# My small shop - CNC mill



## vaffel (Jul 8, 2012)

Hi!

Here are some pictures of my small hobby shop in my basement. The CNC mill is home made, and the video below shows some of the setup while milling a small vacuum table! Effective milling area is about 1200x800x250mm, and most of it is home made, except for the important stuff like rails, ball screws and electronics.

[ame]http://www.youtube.com/watch?v=DkGoQIovpU0[/ame]

I'm also waiting for a Warco WM250VF lathe being shipped from Warco. Its the new version with cross feed ;D Can't wait!!


----------



## kjk (Jul 8, 2012)

I like the look of your cnc machine. Is it an original design, or did you build it from commercially available plans?


----------



## vaffel (Jul 8, 2012)

Thanks!!

Me and my friend designed it from scratch - drawing most parts up in CAD first. A lot of the custom made parts are made with my friends CNC mill.


----------



## Herbiev (Jul 9, 2012)

Very nice unit. Thanks for sharing


----------



## dsquire (Jul 9, 2012)

vaffel

Welcome to HMEM. Thanks for sharing some pictures of your shop with us.

I watched your video and it certainly looks like it is doing a fine job. From what I can see in the picture it looks to be built pretty solid. What are you using for a spindle/power?
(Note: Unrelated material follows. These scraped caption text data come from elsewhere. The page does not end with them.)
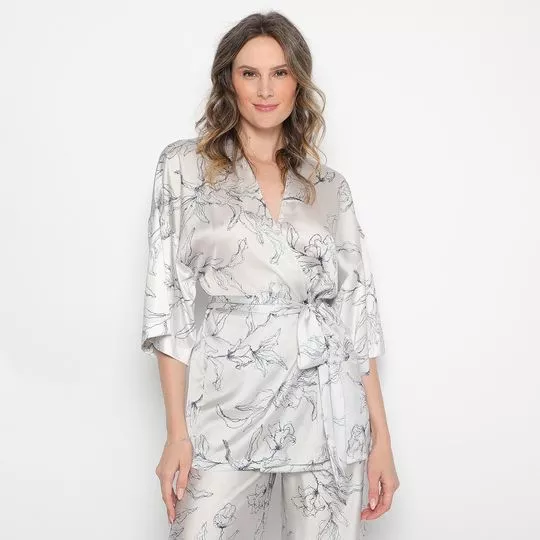Kimono Floral- Off White & Azul Marinho- Morena Rosa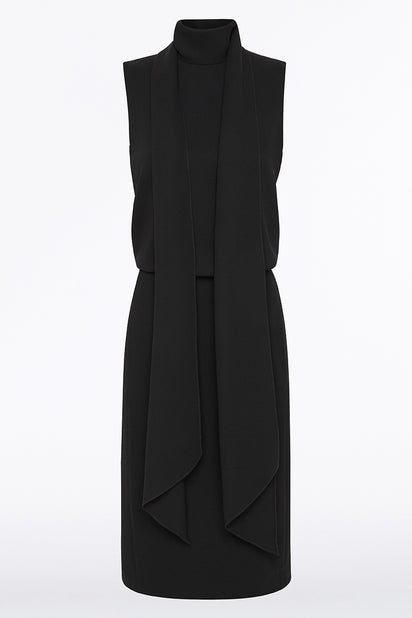 BLACK CREPE CLASSIC TIE NECK DRESS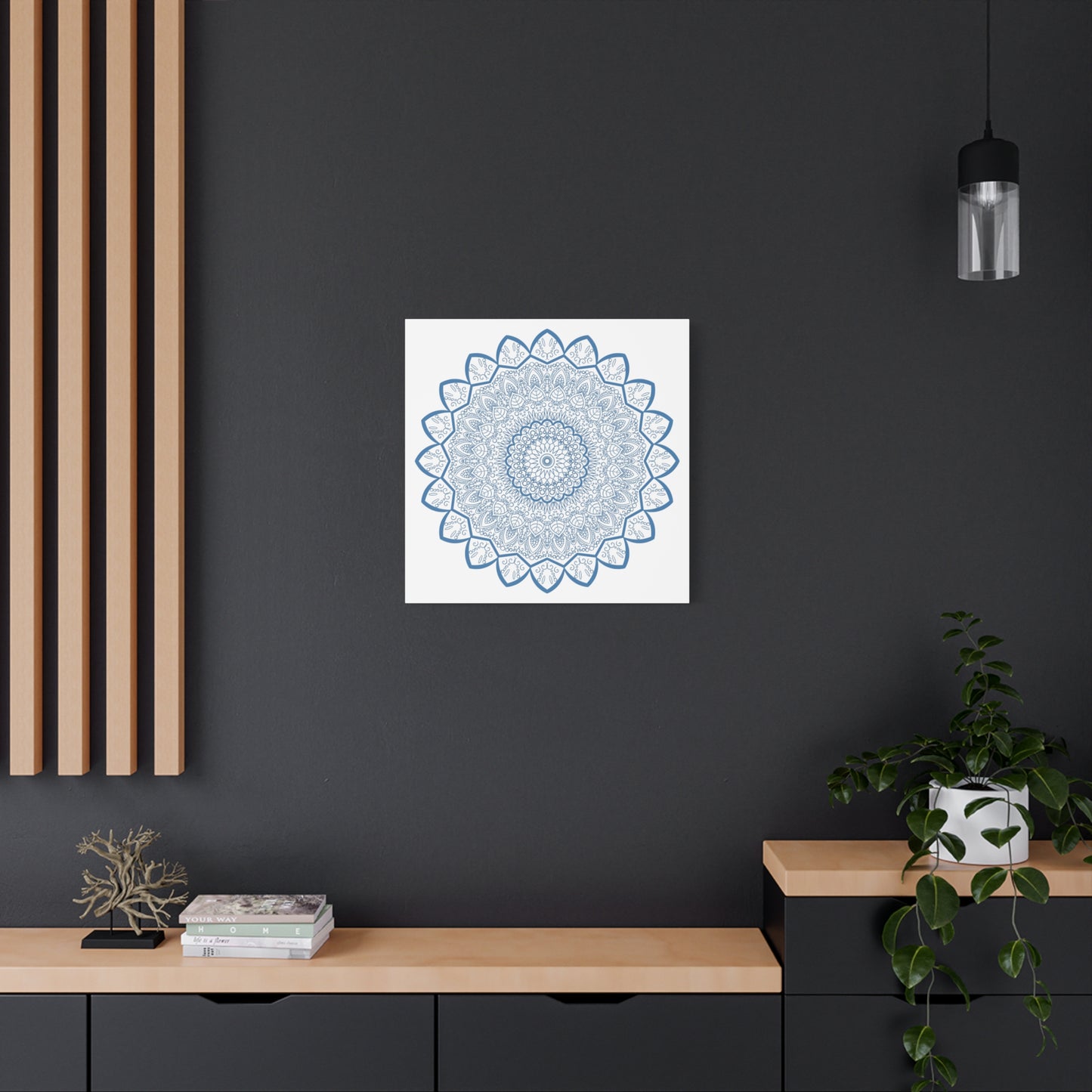 Beautiful handcrafted steel blue mandala design wall art on stretched 125 matte canvas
When you have the time it would be appreciated if you could go to http://www.homemodelenginemachinist.com/index.php?board=1.0
and make an introductory post telling us a bit about yourself, where you are from and what your hobbies, likes and dislikes are.

I hope you enjoy the forum and if you have any questions just ask as there is always someone around to answer or at least give an opinion. We look forward to your participation in the various forums. :bow:

Cheers 

Don


----------



## vaffel (Jul 9, 2012)

dsquire  said:
			
		

> [...]
> I watched your video and it certainly looks like it is doing a fine job. From what I can see in the picture it looks to be built pretty solid. What are you using for a spindle/power?
> [...]



Thanks for the welcome and nice words! I will make an introductory post. 
The spindle is a chinese (brandless) brushless spindle, 2.2kW, with a matching VFD-drive. It's bought through ebay I think. It's got ER20 collets and operates between 6000 and 24000rpm.

Here are some pictures of the finished product. I still have to drill a hole from the side halfway through to the hole in the middle, tap it, and attach a hose nipple.


----------